Adaptation de la mobilité au changement climatique : l’exemple de Bordeaux
« Les efforts d'adaptation commencent à être institutionnalisés en France, mais restent en décalage par rapport aux vulnérabilités et aux besoins. Un changement d'échelle dans l'adaptation […] est essentiel pour mieux anticiper les conséquences du réchauffement et limiter les impacts ».
Ces mots, issus du dernier rapport du Haut Conseil pour le Climat (HCC), mettent en lumière l’indispensable sujet de l’adaptation au dérèglement climatique.
La mobilité est particulièrement concernée par cette problématique. En effet, comment se déplacer en sécurité et confortablement lors d’épisodes caniculaires ? Comment protéger nos infrastructures de transport face aux crues ou aux submersions ? Hélas, la liste est loin d’être exhaustive tant les risques climatiques sont nombreux et impactent potentiellement la mobilité.
Partons à la rencontre d’un bon élève en la matière : la ville de Bordeaux et son réseau de transport public.
L’adaptation au changement climatique
On a coutume de dire qu’en matière de dérèglement climatique, le combat s’articule autour de deux leviers complémentaires :
- L’atténuation, c’est-à -dire réduire nos émissions pour limiter le réchauffement et ses effets
- L’adaptation qui consiste à préparer nos sociétés à faire face aux impacts à venir du dérèglement climatique
C’est d’ailleurs ce qu’on retient du titre du dernier rapport du HCC : Tenir le cap de la décarbonation, protéger la population », en d’autres mots : atténuer et adapter.
Concernant l’adaptation, la France dispose du Plan national d’adaptation au changement climatique (PNACC) qui a pour objectif de préparer le pays à un réchauffement de +4° en 2100.
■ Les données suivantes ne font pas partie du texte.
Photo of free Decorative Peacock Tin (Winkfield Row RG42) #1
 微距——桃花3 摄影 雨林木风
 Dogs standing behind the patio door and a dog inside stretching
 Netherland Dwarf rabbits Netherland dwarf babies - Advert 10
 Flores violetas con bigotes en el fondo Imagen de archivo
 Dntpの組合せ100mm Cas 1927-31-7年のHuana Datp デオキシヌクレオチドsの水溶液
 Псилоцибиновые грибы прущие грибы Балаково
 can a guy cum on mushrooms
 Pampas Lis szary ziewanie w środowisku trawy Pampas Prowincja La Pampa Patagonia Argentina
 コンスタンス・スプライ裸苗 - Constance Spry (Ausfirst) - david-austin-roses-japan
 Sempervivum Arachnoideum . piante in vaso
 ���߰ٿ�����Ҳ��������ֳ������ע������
Si la réduction des émissions est factuellement engagée en France1 , nous sommes en retard en matière d’adaptation.
Ce retard est préoccupant face aux risques qui s’intensifient au fur et à mesure de l’aggravation du réchauffement climatique.
Quel est le rapport avec la mobilité ?
Le centre de ressources2 pour l’adaptation au changement climatique dresse la liste les principaux impacts sur la mobilité :
- Sur les infrastructures : la hausse des températures peut affecter les infrastructures (dégradation, vieillissement anticipé) et perturber le service. Le risque pour les infrastructures est aussi élevé avec les inondations, les mouvements de terrain, les retraits-gonflements des argiles…).
- Sur la navigation : le niveau des fleuves peut baisser dans le futur et perturber le transport de marchandises
- Sur les mobilités actives et la mobilité des voyageurs : les épisodes caniculaires peuvent affecter le confort des déplacements, notamment à vélo, marche ou transports en commun.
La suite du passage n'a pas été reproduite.